No Increasing Trend In Drought/Flood Frequency, Severity
Guo et al., 2018 In drought-prone regions like Central Asia, drought monitoring studies are paramount to provide valuable information for drought risk mitigation. In this paper, the spatiotemporal drought characteristics in Central Asia are analyzed from 1966 to 2015 using the Climatic Research Unit (CRU) dataset. Central Asia showed an overall wetting trend with a switch to drying trend since 2003.
Temperature Change Leads CO2 Change, Processes Governing CO2 Changes ‘Poorly Understood’
Koutavas et al., 2018 The EEP [eastern equatorial Pacific] stack shows persistent covariation with Antarctic temperature on orbital and millennial timescales indicating tight coupling between the two regions. This coupling however cannot be explained solely by CO2 forcing because in at least one important case, the Marine Isotope Stage (MIS) 5e–5d glacial inception, both regions cooled ∼5–6.5 thousand years before CO2 decreased. More likely, their covariation was due to advection of Antarctic climate signals to the EEP by the ocean. … . The discovery that atmospheric CO2 covaries with Antarctic temperature and global ice volume (Lorius et al., 1990; Lüthi et al., 2008; Petit et al., 1999) has propelled CO2 to the forefront as climatic “globalizer”. However, the processes governing CO2 variability are themselves poorly understood, and likely require an oceanic/climatic trigger in the first place (Adkins, 2013; Ferrari et al., 2014; Sigman et al., 2010). Antarctic ice core records are furthermore ambiguous with regard to the causal relationship between CO2 and temperature. Phase relationships show CO2 lagging behind temperature in the obliquity band (Jouzel et al., 2007) and across some major transitions (Caillon et al., 2003; Fischer et al., 1999; Kawamura et al., 2007; WAIS Divide Project Members, 2013), most prominently during the Marine Isotope Stage (MIS) 5e–5d boundary, i.e. the last glacial inception. Antarctic cooling at this time was associated with a major Milankovitch signal, and appears to have transpired almost entirely before the change in CO2 concentration. It remains unclear whether the temperature lead was restricted to Antarctica or was broader.

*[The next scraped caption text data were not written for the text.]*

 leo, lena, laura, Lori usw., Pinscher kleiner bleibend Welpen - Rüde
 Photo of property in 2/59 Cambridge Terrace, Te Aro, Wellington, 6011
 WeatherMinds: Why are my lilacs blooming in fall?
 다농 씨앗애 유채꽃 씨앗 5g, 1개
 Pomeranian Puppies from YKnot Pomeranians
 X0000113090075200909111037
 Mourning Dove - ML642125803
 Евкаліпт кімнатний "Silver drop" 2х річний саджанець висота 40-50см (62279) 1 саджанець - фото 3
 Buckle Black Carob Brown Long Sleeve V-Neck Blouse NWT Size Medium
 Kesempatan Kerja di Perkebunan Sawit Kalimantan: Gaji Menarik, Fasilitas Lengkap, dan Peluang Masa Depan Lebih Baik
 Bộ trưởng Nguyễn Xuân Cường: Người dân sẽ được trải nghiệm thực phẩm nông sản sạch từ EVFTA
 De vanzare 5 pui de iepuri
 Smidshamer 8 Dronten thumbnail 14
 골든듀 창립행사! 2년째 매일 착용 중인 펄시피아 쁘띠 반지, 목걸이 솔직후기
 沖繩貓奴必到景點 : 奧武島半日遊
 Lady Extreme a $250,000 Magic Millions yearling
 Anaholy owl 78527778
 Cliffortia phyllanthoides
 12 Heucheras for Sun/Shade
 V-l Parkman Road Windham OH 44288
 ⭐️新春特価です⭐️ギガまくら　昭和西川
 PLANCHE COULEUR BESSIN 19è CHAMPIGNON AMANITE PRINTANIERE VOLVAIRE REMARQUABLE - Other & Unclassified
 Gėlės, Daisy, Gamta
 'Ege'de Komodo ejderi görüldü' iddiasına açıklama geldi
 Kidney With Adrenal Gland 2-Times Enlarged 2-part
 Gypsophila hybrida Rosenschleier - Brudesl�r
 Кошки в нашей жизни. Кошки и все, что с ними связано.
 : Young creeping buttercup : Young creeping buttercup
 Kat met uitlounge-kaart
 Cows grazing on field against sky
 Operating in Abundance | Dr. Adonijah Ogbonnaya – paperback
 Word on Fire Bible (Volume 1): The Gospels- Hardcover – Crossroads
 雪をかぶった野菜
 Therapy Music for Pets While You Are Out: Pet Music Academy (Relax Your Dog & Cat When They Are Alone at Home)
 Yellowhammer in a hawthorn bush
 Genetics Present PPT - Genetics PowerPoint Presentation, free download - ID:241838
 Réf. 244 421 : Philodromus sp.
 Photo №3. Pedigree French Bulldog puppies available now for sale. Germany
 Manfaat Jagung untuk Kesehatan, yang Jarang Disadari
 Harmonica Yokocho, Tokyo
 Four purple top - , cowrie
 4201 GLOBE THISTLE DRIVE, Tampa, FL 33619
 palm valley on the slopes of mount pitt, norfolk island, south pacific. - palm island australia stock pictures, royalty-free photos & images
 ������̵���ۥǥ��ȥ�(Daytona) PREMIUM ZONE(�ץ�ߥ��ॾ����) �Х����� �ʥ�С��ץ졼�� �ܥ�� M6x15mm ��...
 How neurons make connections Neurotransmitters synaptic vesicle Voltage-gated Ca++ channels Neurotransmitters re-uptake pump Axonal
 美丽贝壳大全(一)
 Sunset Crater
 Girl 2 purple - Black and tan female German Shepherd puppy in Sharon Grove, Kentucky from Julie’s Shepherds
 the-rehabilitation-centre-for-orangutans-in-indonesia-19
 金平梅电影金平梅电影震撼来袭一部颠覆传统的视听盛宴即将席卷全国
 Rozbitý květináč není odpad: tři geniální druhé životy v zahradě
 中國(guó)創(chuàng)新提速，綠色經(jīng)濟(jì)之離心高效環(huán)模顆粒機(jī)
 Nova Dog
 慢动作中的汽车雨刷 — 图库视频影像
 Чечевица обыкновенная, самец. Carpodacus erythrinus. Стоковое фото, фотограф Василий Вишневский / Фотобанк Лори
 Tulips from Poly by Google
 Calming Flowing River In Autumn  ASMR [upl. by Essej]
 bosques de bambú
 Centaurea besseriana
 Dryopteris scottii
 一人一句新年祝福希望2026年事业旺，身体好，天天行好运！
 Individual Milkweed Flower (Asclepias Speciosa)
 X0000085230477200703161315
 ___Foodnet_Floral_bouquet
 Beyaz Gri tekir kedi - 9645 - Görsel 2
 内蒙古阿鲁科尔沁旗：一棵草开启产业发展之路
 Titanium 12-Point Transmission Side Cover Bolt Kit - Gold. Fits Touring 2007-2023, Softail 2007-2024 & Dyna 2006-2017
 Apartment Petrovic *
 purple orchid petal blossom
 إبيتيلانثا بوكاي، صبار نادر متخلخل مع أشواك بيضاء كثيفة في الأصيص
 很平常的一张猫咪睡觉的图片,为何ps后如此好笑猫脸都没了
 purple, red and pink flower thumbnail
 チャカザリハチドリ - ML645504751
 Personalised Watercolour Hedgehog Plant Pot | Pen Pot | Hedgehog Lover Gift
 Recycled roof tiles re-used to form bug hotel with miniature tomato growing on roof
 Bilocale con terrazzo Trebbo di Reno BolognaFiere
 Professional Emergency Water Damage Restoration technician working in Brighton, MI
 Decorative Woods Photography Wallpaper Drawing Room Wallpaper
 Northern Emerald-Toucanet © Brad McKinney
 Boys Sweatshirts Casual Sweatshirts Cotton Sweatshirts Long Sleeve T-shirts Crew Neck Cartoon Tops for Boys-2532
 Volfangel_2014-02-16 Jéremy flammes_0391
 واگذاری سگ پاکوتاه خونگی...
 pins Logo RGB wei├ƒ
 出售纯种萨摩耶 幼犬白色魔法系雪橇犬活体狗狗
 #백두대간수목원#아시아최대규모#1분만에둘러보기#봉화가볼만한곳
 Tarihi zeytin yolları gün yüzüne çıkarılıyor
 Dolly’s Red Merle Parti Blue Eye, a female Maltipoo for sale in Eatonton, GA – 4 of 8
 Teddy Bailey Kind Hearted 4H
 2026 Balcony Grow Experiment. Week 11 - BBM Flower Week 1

Ozone ‘Hole’ Still Widening Since 1998 (Despite CFC Ban)
Ball et al, 2018 Here we report evidence from multiple satellite measurements that ozone in the lower stratosphere between 60° S and 60° N has indeed continued to decline since 1998. We find that, even though upper stratospheric ozone is recovering, the continuing downward trend in the lower stratosphere prevails, resulting in a downward trend in stratospheric column ozone between 60° S and 60° N. We find that total column ozone between 60° S and 60° N appears not to have decreased only because of increases in tropospheric column ozone that compensate for the stratospheric decreases. The reasons for the continued reduction of lower stratospheric ozone are not clear; models do not reproduce these trends, and thus the causes now urgently need to be established.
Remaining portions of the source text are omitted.